Dava konusu kararlar ile davacının özel hayata saygı hakkına yapılan müdahale, zorlayıcı bir toplumsal gereksinim olarak ortaya çıkmıştır. Nitekim 15 Temmuz 2016 gecesi yaşanan darbe teşebbüsü nedeniyle “ulusun varlığını tehdit eden genel bir tehlike”nin bulunduğu açıktır (Alparslan Altan/Türkiye, B. No: 12778/17, 16/04/2019, §§ 71-75). Bu tehlike, ulusun ve Devlet teşkilatının varlığı için tehdit teşkil eden, kamu düzenini etkileyen, olağandışı bir kriz niteliğindedir. Bununla birlikte darbe teşebbüsünün faili olan FETÖ’nün, yukarıda belirtildiği üzere atipik ve kendine özgü niteliği göz önüne alındığında, bu tehlikeye karşı alınan ve davacının yargı yetkisini kullanmasına son veren dava konusu tedbirin de yaşanan özellikli durumun ortaya çıkardığı zorunluluktan ve bu durumun faili olan örgütün Devleti ele geçirmeyi amaç edinen niteliğinden kaynaklandığı anlaşılmaktadır. Bu nedenle anılan olağanüstü koşullar altında ve olağan demokratik düzene geri dönebilmek amacıyla söz konusu terör örgütü ile iltisak ve irtibatı bulunan davacının yargı yetkisini kullanmasına son veren tedbirin demokratik bir toplumda gereklilik arz ettiği açıktır.
Türkiye Cumhuriyeti tarafından 23/07/2016 tarihinde Avrupa Konseyi Genel Sekreterliği ve Birleşmiş Milletler Genel Sekreterliğine, Türkiye’de 21/07/2016 tarihinde olağanüstü hâlin yürürlüğe girmesiyle birlikte AİHS’in 15. maddesinde öngörüldüğü şekliyle Sözleşme’den doğan yükümlülükler bağlamında daha az güvence sağlanabileceği kaydıyla derogasyon bildiriminde bulunularak milletlerarası hukuktan doğan yükümlülük yerine getirilmiştir.

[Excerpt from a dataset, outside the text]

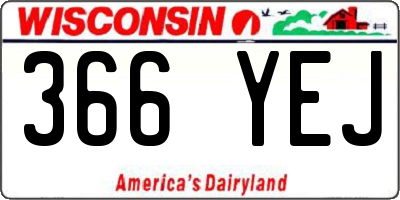 WI license plate 366YEJ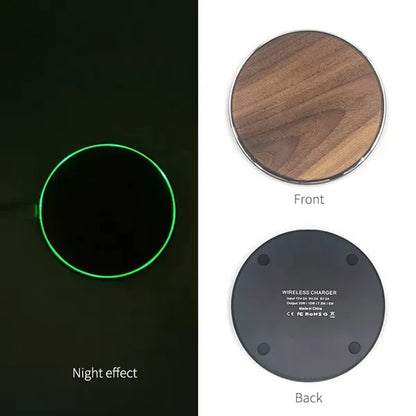 Wooden Round Wireless Charger with LED Flash Light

AİHS’in 15. maddesi ile uygulama alanı bulan, “ulusun varlığını tehdit eden genel bir tehlikenin varlığı” hâlinde söz konusu tehlikeyi bertaraf etmek için ne yapmak gerektiğini takdir ve tayin etmek ulusun yaşamından sorumlu devlete aittir. İçinde bulunulan durumun kendine mahsus özellikleri nedeniyle bu özellikli durumu değerlendirmek hususunda, söz konusu tehlikeyi bertaraf edecek devletin, uygulayacağı tedbirler bakımından, olağan dönemdekinden çok daha geniş bir takdir marjına sahip olduğunu kabul etmek gerekmektedir (İrlanda/İngiltere [GK] B. No: 5310/71, 18/1/1978, § 207).
Dava konusu kararların müdahalede bulunduğu özel hayata saygı hakkının AİHS’in 15. maddesinin ikinci fıkrası ile Anayasa’nın 15. maddesinin ikinci fıkrasında yer verilen ve olağanüstü hâllerde dahi AİHS ve Anayasa’da öngörülen güvencelere aykırı tedbirler alınamayacağı belirtilen haklardan olmadığı açıktır.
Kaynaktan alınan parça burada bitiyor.